Operating System - HP-UX
1847885 Members
4291 Online
104021 Solutions
New Discussion

du and bdf doesn't match, 70 gb space missing

 
Robert Tang
Occasional Contributor

du and bdf doesn't match, 70 gb space missing

Hi, there:

Anyone had this problem before?

# bdf /u26
Filesystem kbytes used avail %used Mounted on
/dev/vg18/lvol1 106020864 93894000 12090048 89% /u26

there are 2 directories under /u26,
/u26/oracle has 13 GB, /u26/patches has 1.6 GB, but bdf is showing 93GB used.

Response center said it is caused by deleting open files when the Oracle process is running, but this is Oracle home and only listeners are running from it, it has no open files to be deleted.

Any ideas anyone?

Thanks a lot in advance! points ganranteed!




The end is near
17 REPLIES 17
Michael Tully
Honored Contributor

Re: du and bdf doesn't match, 70 gb space missing

This will occur when a running process has a file or files open, but they have been physically been removed by another. The space will not be returned until the process, which had the file(s) open in the first place is terminated.
Anyone for a Mutiny ?
Michael Tully
Honored Contributor

Re: du and bdf doesn't match, 70 gb space missing

One further thought, you could use the 'lsof' command to assist you. You can get it from here, and it is easy to download and install without an outage.

# lsof -p

http://hpux.connect.org.uk/hppd/hpux/Sysadmin/lsof-4.71/
Anyone for a Mutiny ?
Thierry Poels_1
Honored Contributor

Re: du and bdf doesn't match, 70 gb space missing

Hi,

differences between du and bdf are generaly caused by deleting files which were still in use. The free space will only be reclaimed when the process exits (normally or after a kill).
To find out who/what:
- fuser can show you which processes are active in that filesystem (might be many)
- lsof

good luck,
Thierry.
All unix flavours are exactly the same . . . . . . . . . . for end users anyway.
KapilRaj
Honored Contributor

Re: du and bdf doesn't match, 70 gb space missing

I would use

lsof |grep '' and check which processes have opened files from there and then try restarting them ...
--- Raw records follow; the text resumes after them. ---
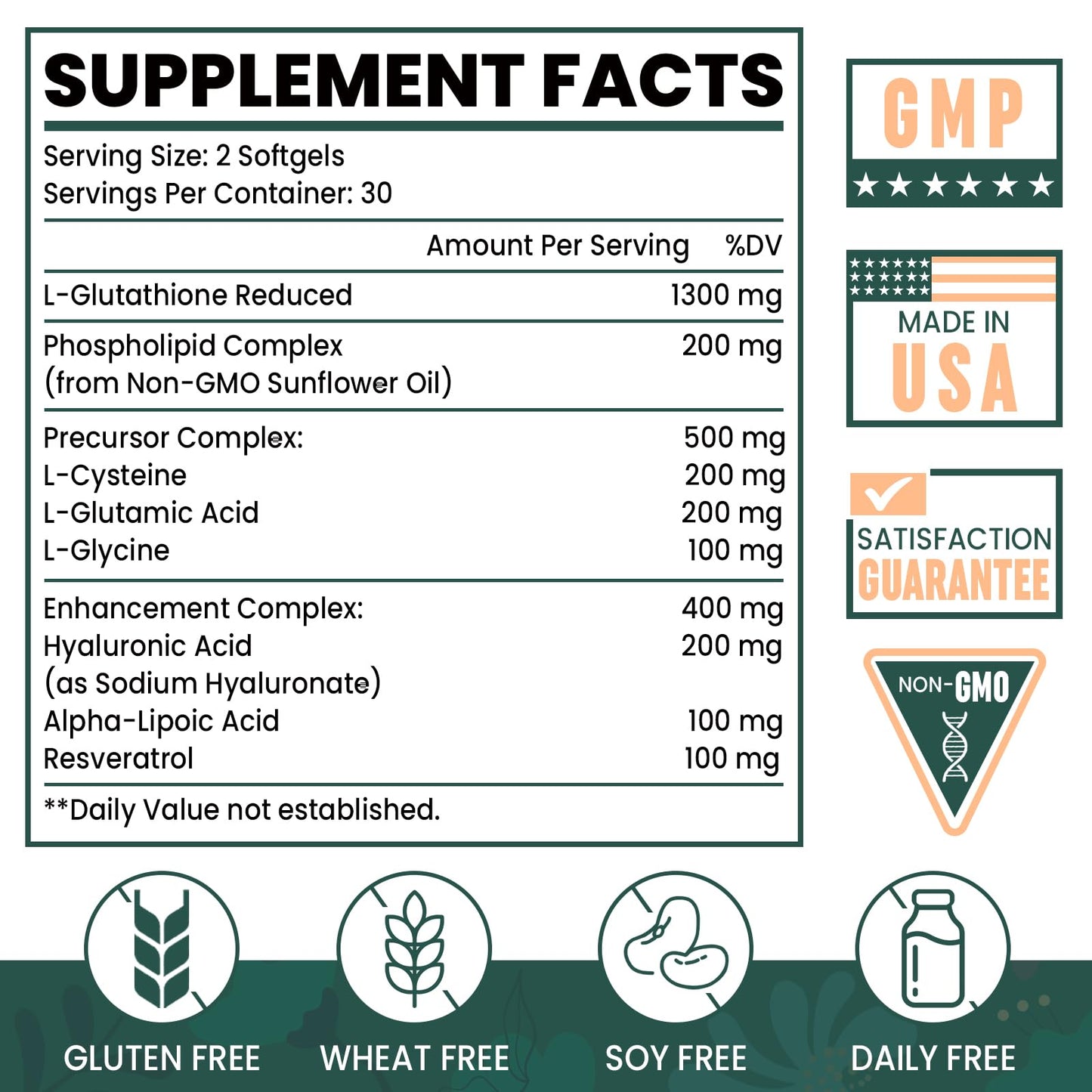 8-in-1 Liposomal Glutathione 2400 mg – High Absorption Antioxidant Formula (Skin, Liver Detox & Immune Support) | 60 Softgels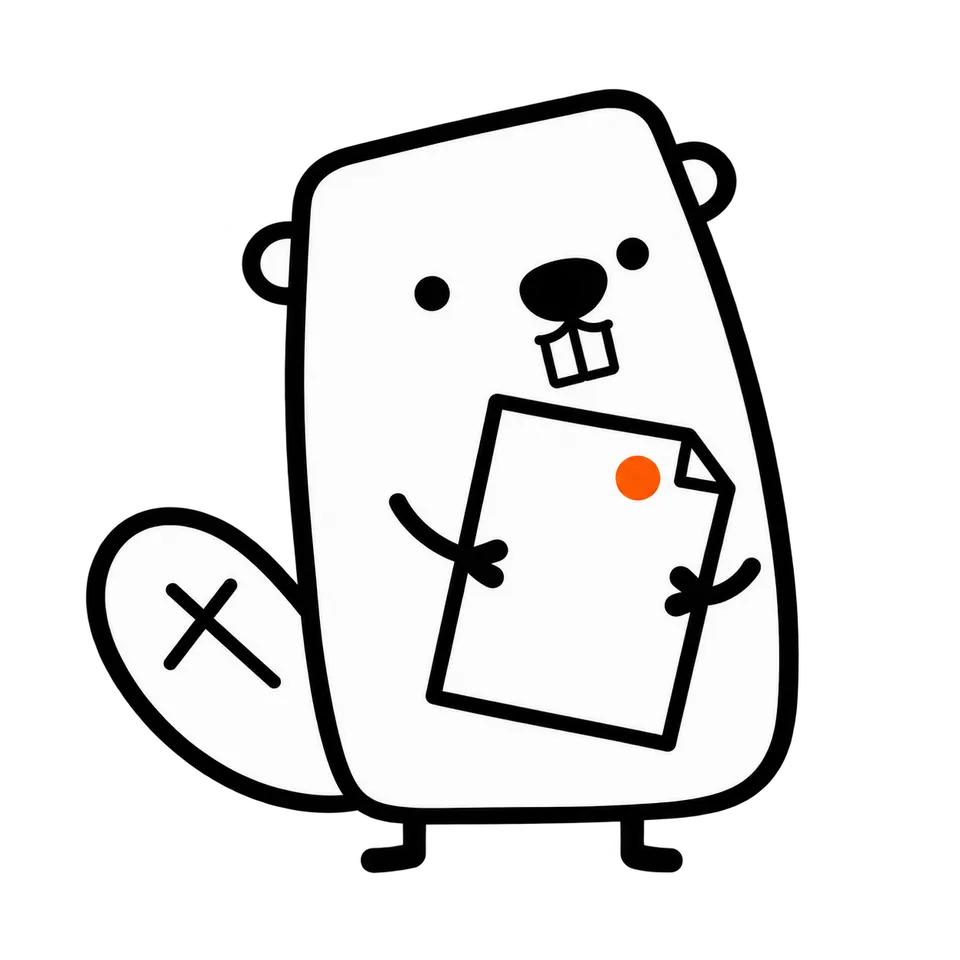 Beaver Doc beaver holding a document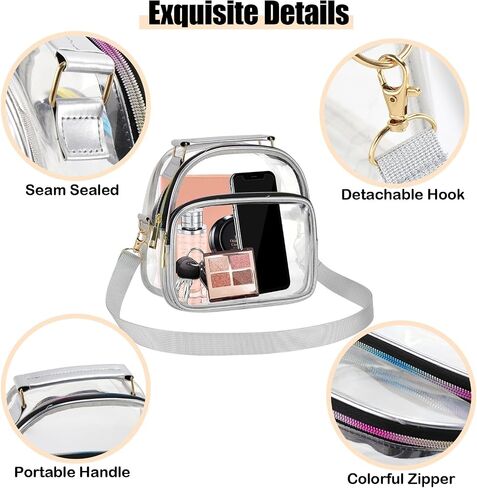 Hysagtek Clear Purses for Women Stadium, Clear Bag Stadium Approved Concert Clear Crossbody Bag See Through Handbag in Saudi Arabia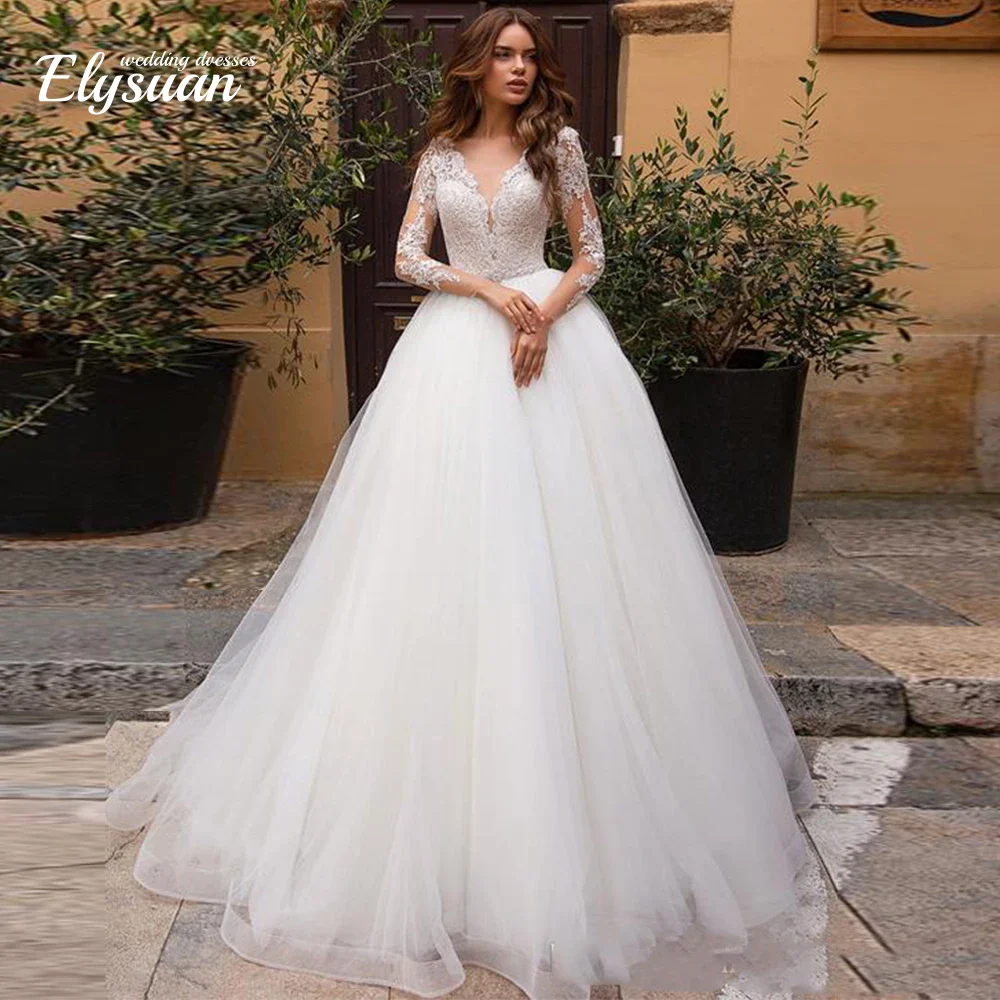カスタマイズされたゴージャスな V ネック長袖ウェディングドレスエレガントなふわふわチュール A ラインアップリケプリンセスブライダルドレス Vestidos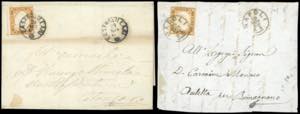 1862 - 10 cent. (1,1k), due esemplari di ...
It happened 'cause someone deleted a file which opened a process

Kaps
Nothing is impossible
A. Clay Stephenson
Acclaimed Contributor

Re: du and bdf doesn't match, 70 gb space missing

Do a man 2 unlink. This is the underlying system call that is invoked when a rm is done. It will explain your situation perfectly.
If it ain't broke, I can fix that.
Robert Tang
Occasional Contributor

Re: du and bdf doesn't match, 70 gb space missing

Thanks to all the gurus who replied.

One quick question, there are lot of Oracle trace logs which is deleted periodically, are those files "open files"?

I was told Oracle process opens it, write to it, and close it right away. It will not cause problem if we delete them. Is is true?

Thanks
The end is near
Bill Hassell
Honored Contributor

Re: du and bdf doesn't match, 70 gb space missing

You can always delete a file that is still open. The file handle inside the program still knows where the file is located and can read/write to it for hours (months too). But the file really doesn't disappear and become usable free space until all programs have closed the file. This is standard Unix behavior.

Now you can recover space from a large file by replacing the contents with nothing (/dev/null). This is regardless of whether the file is open or not. Now what such a command will do to the program is unknown -- that must be defined by the program's author. There will indeed be open files if there are executables that are running from those directories, and it doesn't matter if the files are open for read-only.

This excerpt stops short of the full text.